Gazi Mustafa Kemal Atatürk’ün bugün ölüm yıldönümü..
Saygıyla, sevgiyle, şükranla, minnetle, rahmetle anıyoruz..
Tarihsel süreç içerisinde Atatürk’ü, ‘Atatürkçülük’ adı altında sömürenler oldu..
Bunu kendi politik varlıkları için kullananlar, güç devşirerek nüfuz sağlayanlar.. Tekeline alıp herkesi dışlayan ve Atatürk sevgisini putlaştıranlar, o ürettikleri puta tapmayanı düşman ilan edenler oldu..
24 saat kesintisiz, durmadan ‘kamplaştırıyorsunuz, bölüyorsunuz, ayrıştırıyorsunuz’ diyerek kamplaştırdılar, böldüler, ayrıştırdılar insanları..
Gazi Mustafa Kemal Atatürk’ün, aziz hatırasını her fırsatta sömürdüler..
“B*kunda boğul Türkiye’ diyerek Aziz Atatürk’ün en önemli mirasına küfreden bir müptezel, bir şarlatan, göğsünde Atatürk baskılı tişörtle çıktı kameralar karşısına... Patronu tarafından ticari nedenlerle işten çıkarılan sunucu Anıtkabir önünde poz vererek yaptı protestosunu.. Kim, neye itiraz ederse, sanki Atatürk’e itiraz ediyormuş gibi sundu bir kesim 90 yıldır.. Öyle bir iklim kuruldu ki, bir şeyleri eleştirmek, sanki Atatürk’ün dokunulmazlığını sarsmak gibi algılandı.. Ve bunu kim yaptı biliyor musunuz?.. Vefat ettiği anda paralardan resmini söküp atanlar, bulvarların, stadyumların parkların ismini değiştirenler, Atatürk büstünü kaldırıp kendi büstleriyle memleketi donatanlar yaptı bunu.. Hatıraysa mesele, en başta kendileri sahip çıkmadı hatırasına Atatürk’ün.. Sadece laf ettiler bol bol.. Hatta öyle zamanlar oldu ki, ‘laf’ bile edemediler.. Hatırlayın.. Erdoğan “Misak-ı Milli” dedi.. Yıktı ortalığı.. Atatürk’ün mirasına sahip çıkıyoruz diyenler, tek kelime edebildiler mi?.. Niye?
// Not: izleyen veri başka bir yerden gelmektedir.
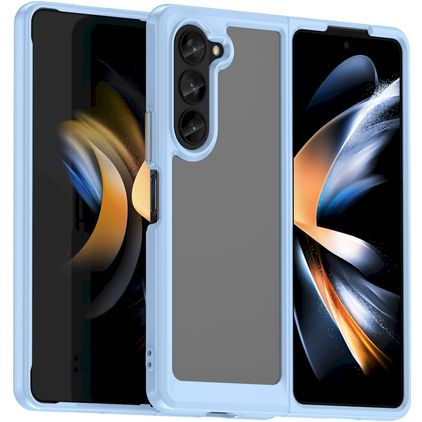 Mobigear Crystal Samsung Galaxy Z Fold 5 Kova Suojakuori - Läpinäkyvä / Sininen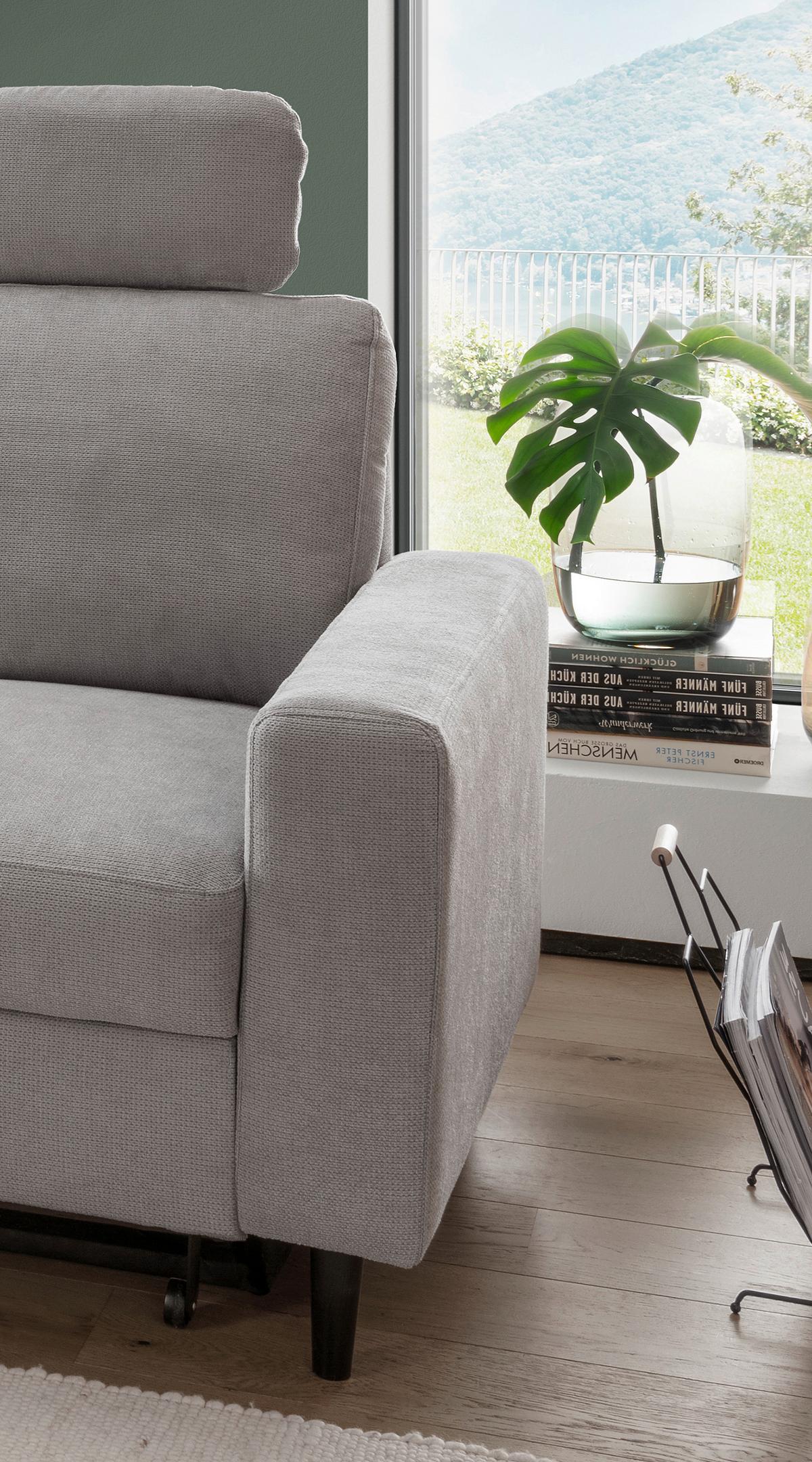 Eckschlafsofa Passione Grau S: 147x234 cm - Schwarz/Grau, MODERN, Textil (147/234cm) - Livetastic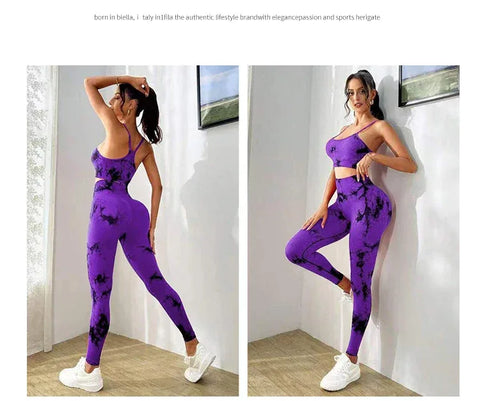 Tie Dye Yoga Women's Tracksuit Fitness Yoga Sets Sportswear Workout Bra+High Waist Leggings Gym Clothing Seamless Sports Suits - Zen Fit Plus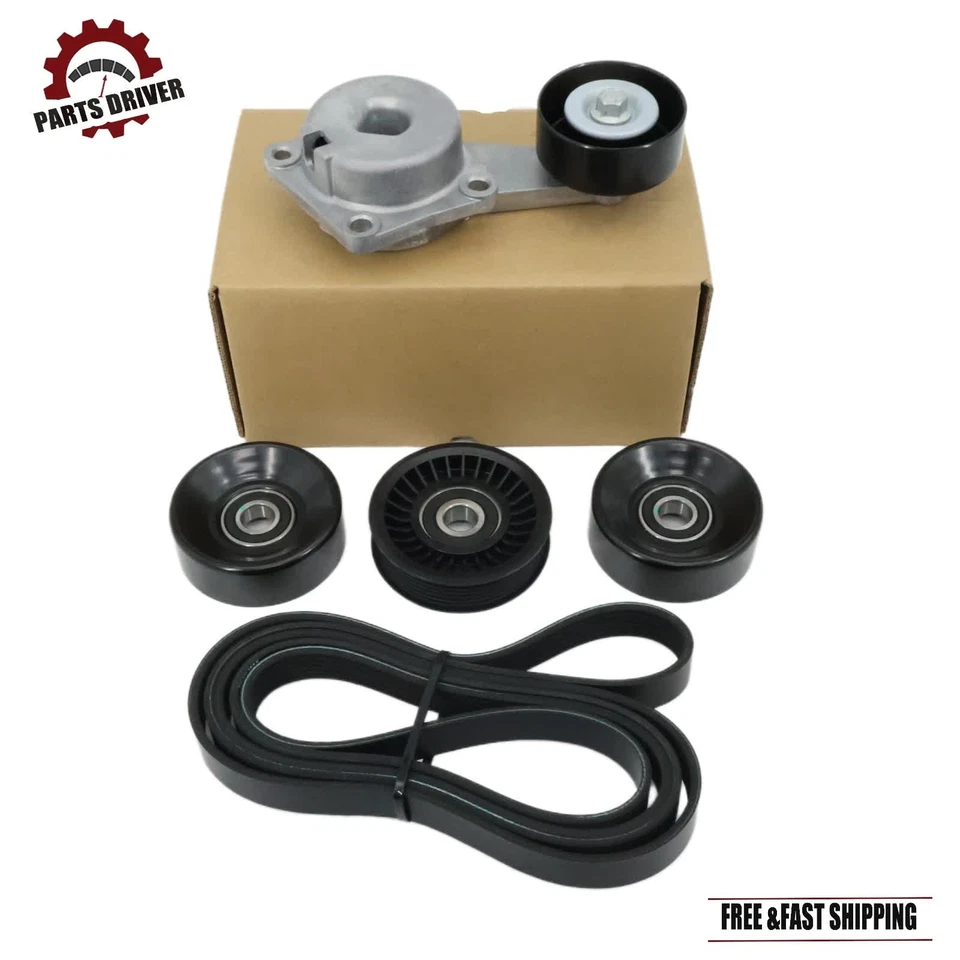 Serpentine Belt Drive Component Kit Fit 04-06 Ford Expedition Mustang Lincoln V8 Foto 3 de 4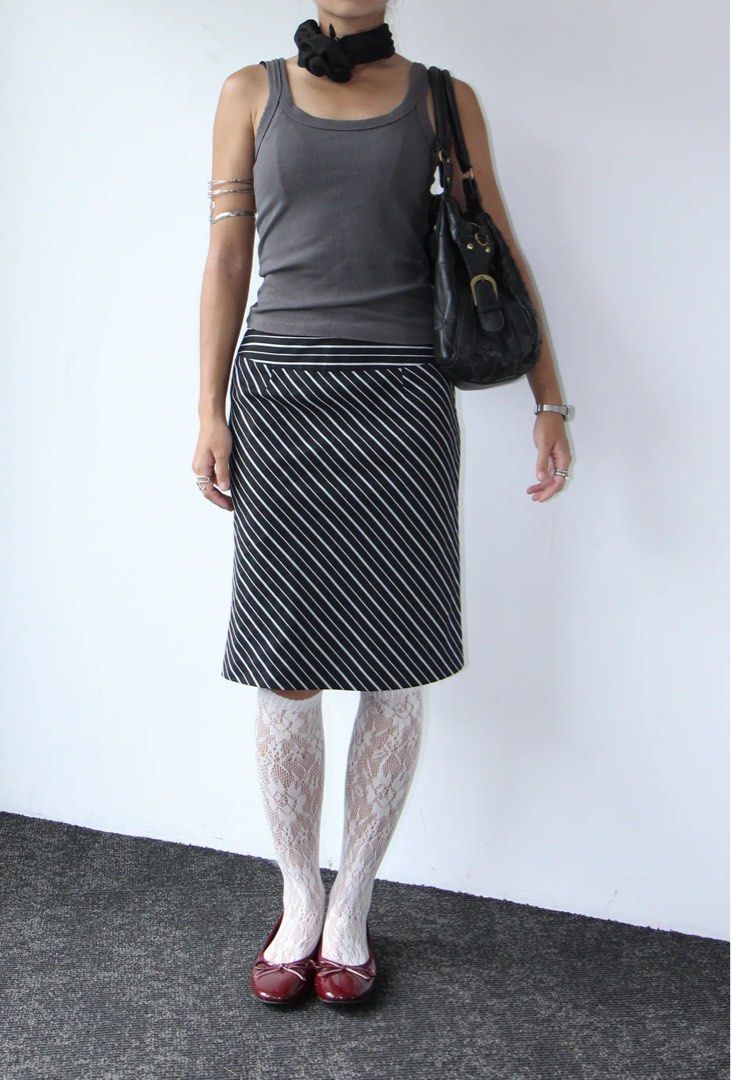 Vintage 90s Striped Pencil Office Skirt Wolf Grey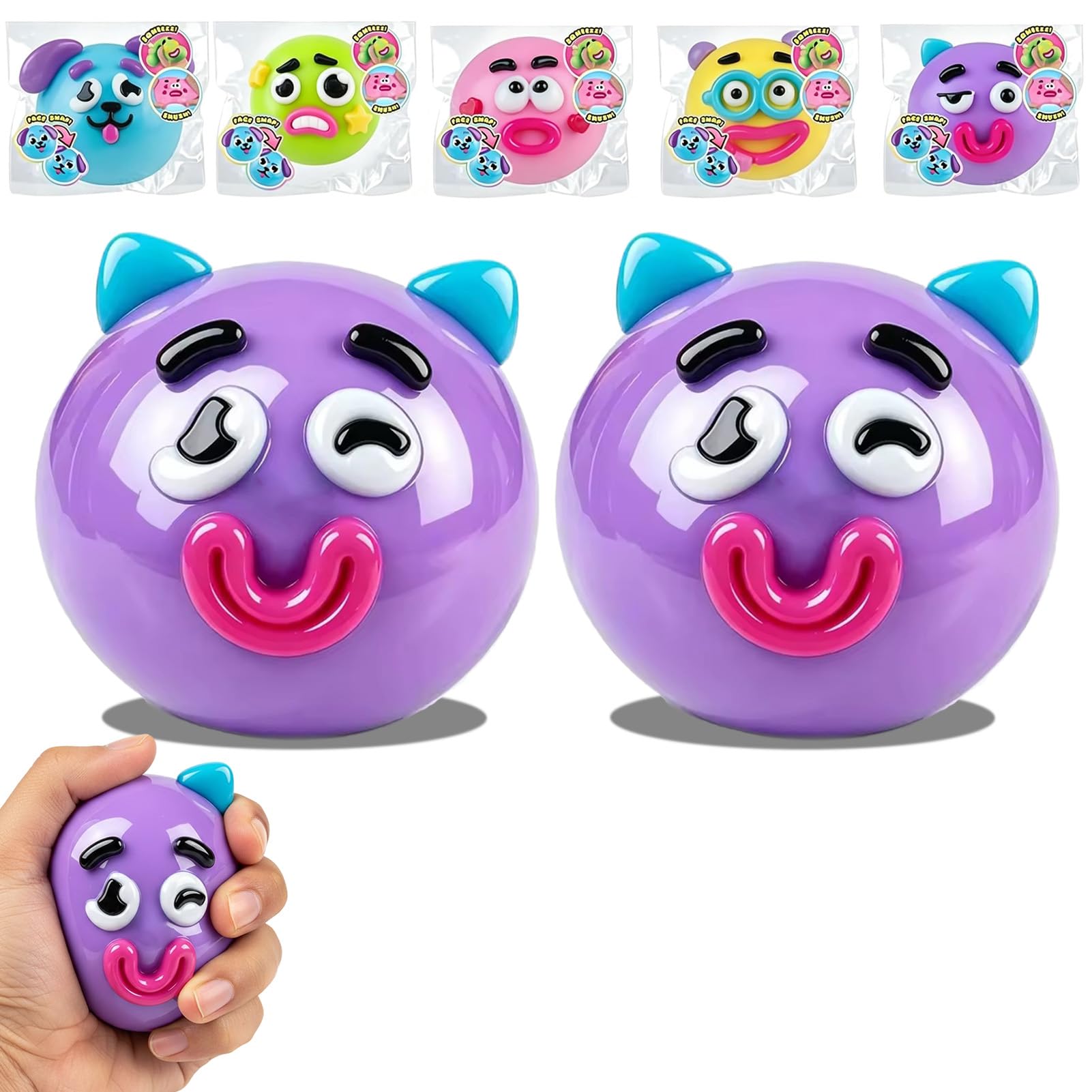 Smushers Squishy Stress Relief Squeeze Balls, Cute Animal Funny Face Fidget Toys, Soft TPR Anxiety Relief Toys for Kids & Adults, Sensory Toys for Party Favors Classroom Rewards (Purple 2Pcs)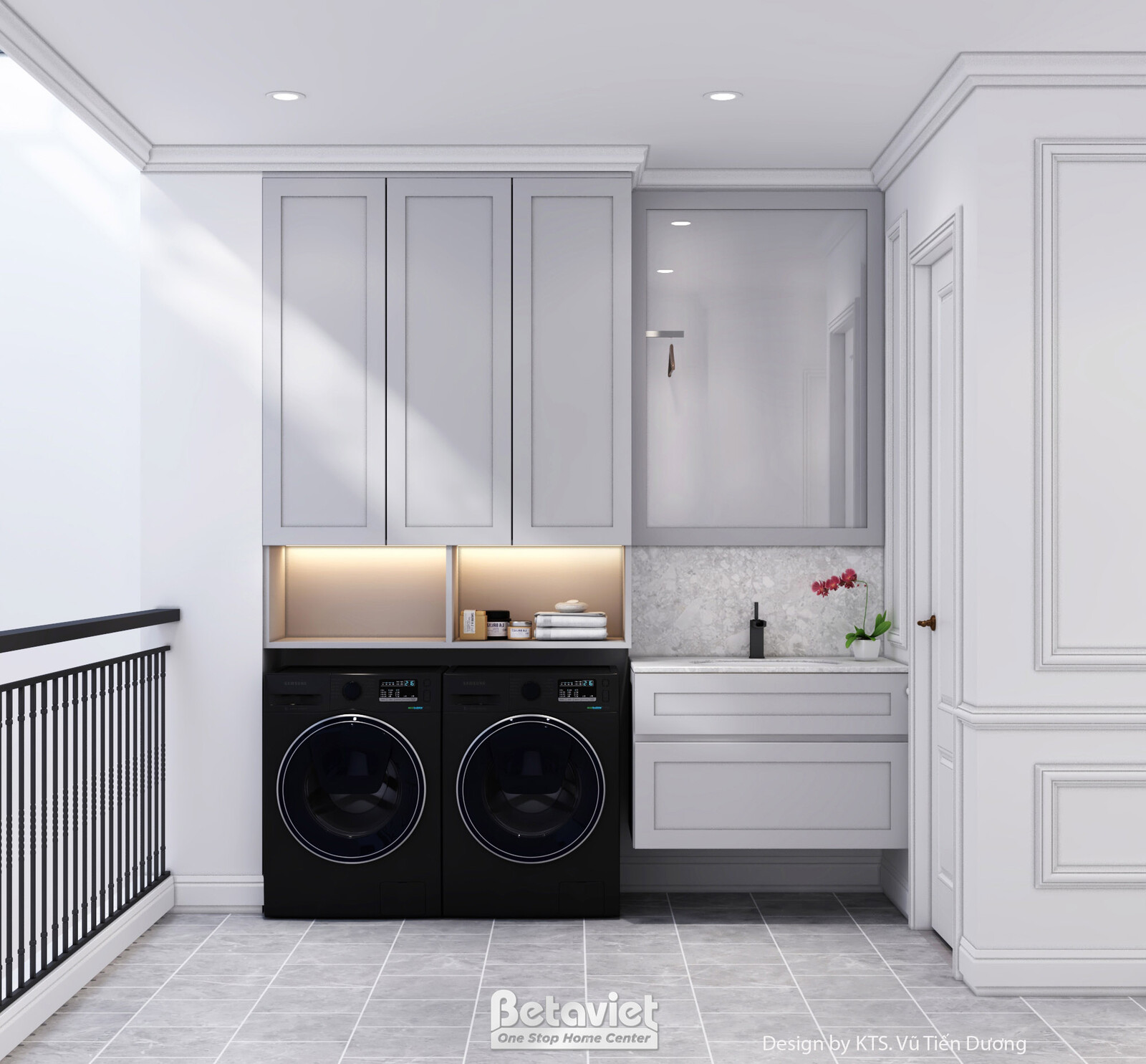 Nội thất giặt ủi biệt thự tân cổ điển NT2600078 – góc nhìn tổng thể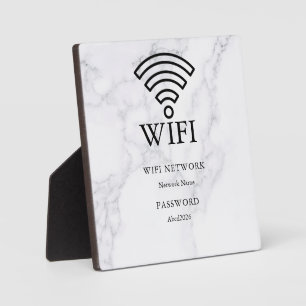 Expositora Placa Blanca de Red y Contraseña Wifi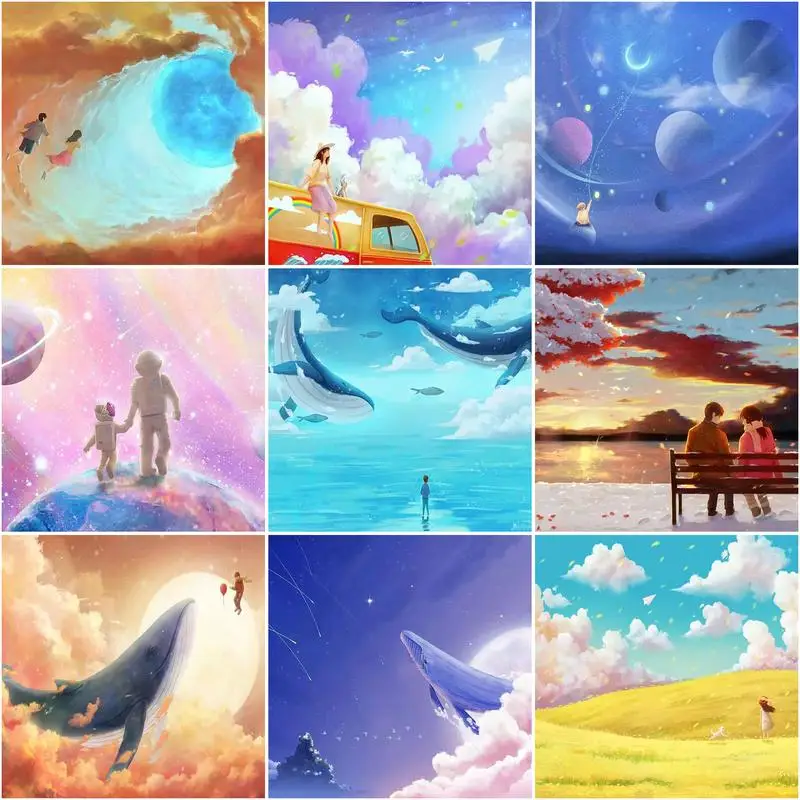 

RUOPOTY Frame Picture 20x20cm Diy Painting By Numbers Whales Sky Scenery Picture By Numbers Wall Decoration For Kids Gift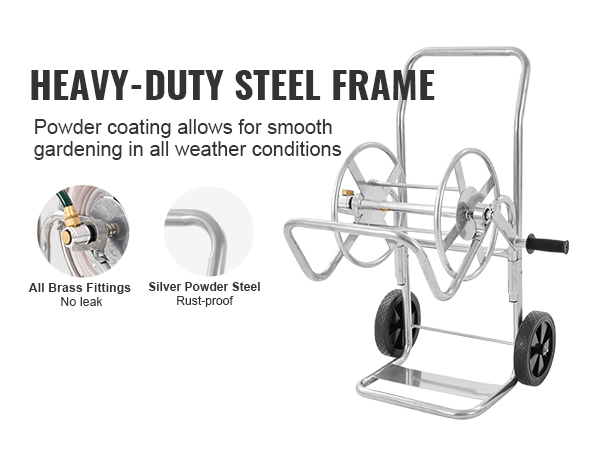 heavy-duty steel frame VEVOR hose reel cart with rust-proof silver powder coating and brass fittings.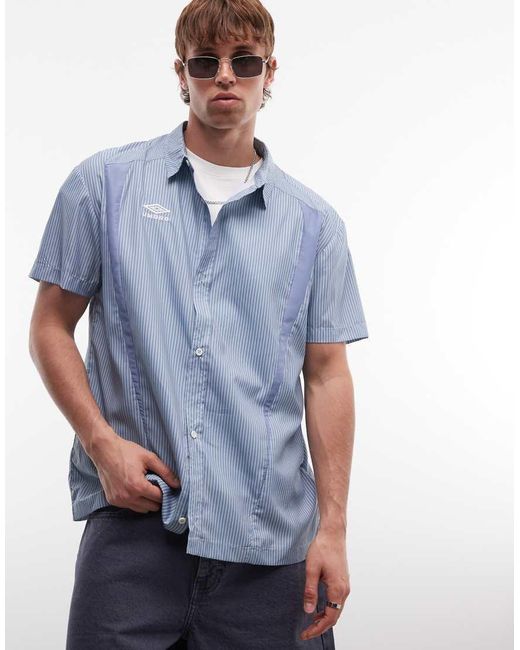 Umbro Blue Short Sleeve Boxy Shirt for men
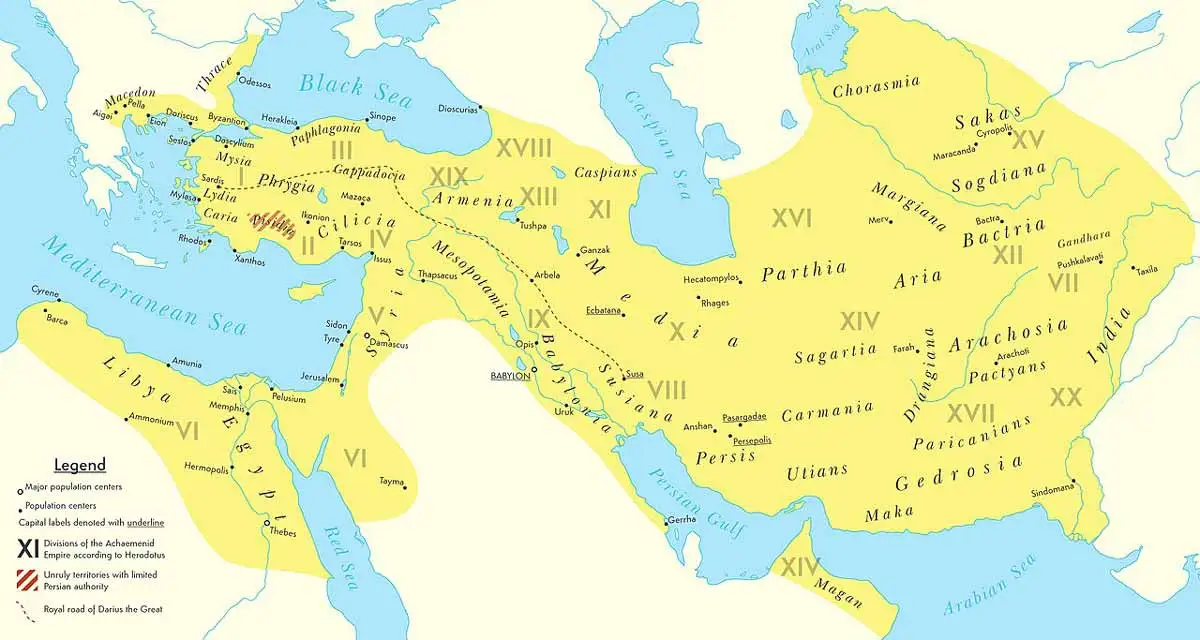 Map of the Achaemenid Empire's greatest territorial extent, achieved during the reign of Darius the Great (522–486 BC)
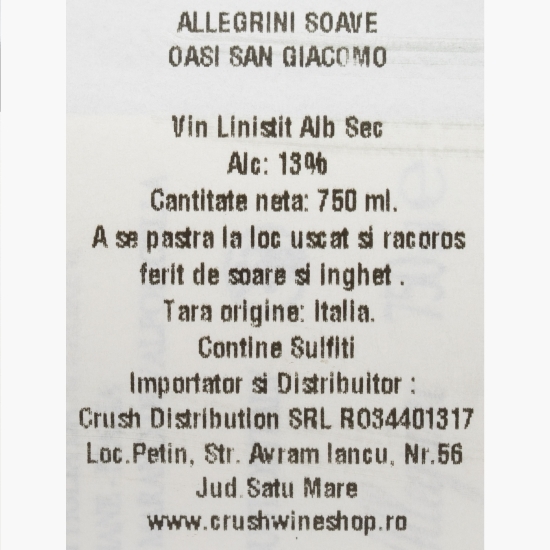 Vin alb sec Oasi San Giacomo, 13%, 750ml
Çünkü emperyalizme karşı ulusal kurtuluş mücadelesi vermiş Gazi Mustafa Kemal Atatürk’ün partisi, emperyalistlerin taşeronu haline geldi de ondan.. Erdoğan ABD’ye, Avrupa’ya meydan okurken, küresel emperyalizmin ağa babalarına ‘one minute’ çekerken, Atatürk’ün partisi Erdoğan’a ateş püskürüyordu..
Görmüyor muyuz sanki?..
‘Demir ağlarla ördük anayurdu dört baştan’ diye marş söylediler, memlekete bir çivi çakmadılar.. Londra’dan Çin’e demir ağları da, Recep Tayyip Erdoğan ördü.. Denizin altından trenleri de Recep Tayyip Erdoğan geçirdi.. Atatürk’ün mirasına hamasi nutuklarla havanda dövülen sularla sahip çıktıklarını zannettiler.. Oysa bir yandan, tam da vasiyetinde olduğu gibi bir medeniyet inşa edildi burada.. Mekânın cennet olsun, huzur içinde yat Atatürk.. Memleket emin ellerde..
Türk Hava Yolları yüksekten uçuyor
Türk Hava Yolları Genel Müdürü Bilal Ekşi açıkladı..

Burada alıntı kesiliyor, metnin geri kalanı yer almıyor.